"Ober dere, sah," he said. "Bad fellas all gone smash."

Challis raised himself on his elbow. He saw struggling horses, dismounted Tubus, some fleeing over strips of firm ground, others plunging deeper into the morass, with the victorious negroes swarming around them.

"Enough!" cried Challis, anxious to avoid slaughter now that his object was achieved.

He blew a shrill blast on his whistle. Most of the men turned and came hastening towards him.

"Bring off the rest, John," he said. "They are not to fight any more. Get ropes and save the wretches who are sinking in the bog."

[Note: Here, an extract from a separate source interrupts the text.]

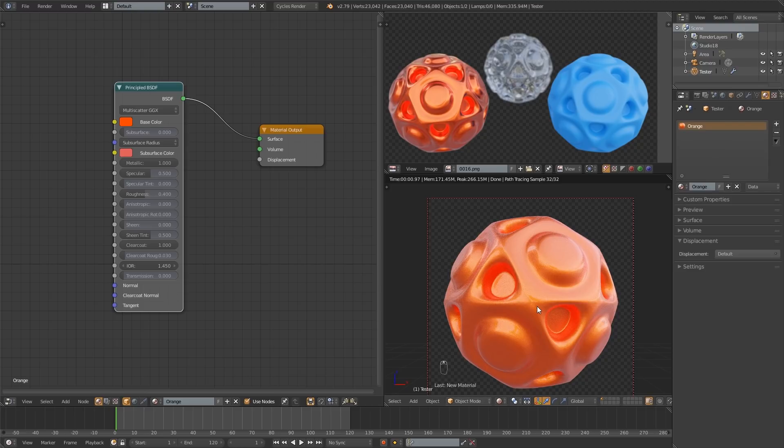You can do all sorts of other stuff with the clear coat value of course. But car paint is usually what people use as the most common example.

The fighting ceased. Some of the negroes took ropes, hurled them towards the struggling Tubus, and hauled them to dry land. The prisoners expected to be butchered, the rescuers to be ordered to slay them. Both were equally surprised when John, at Challis's command, shouted that the Tubus were to be spared. The negroes could not understand why mercy should be shown to a merciless enemy, but Challis saw gladly that they obeyed him.

"Take them near the cave, and set a guard over them," he said. "We will teach them another sort of medicine."

Rising painfully, he surveyed the field. Some sixty Tubus would hunt no more slaves, burn no more villages. Many horses had been captured, together with swords, firearms of various kinds, and ammunition. The victory had been won at small cost.

Challis ordered that the wounded Tubus should be treated exactly like those of his own force. Then, feeling sick and dizzy, but proud of his men, and rejoicing in the success of his first blow for liberty, he went back to the cave, amid lusty shouts from the warriors and shrill cries from the women and children.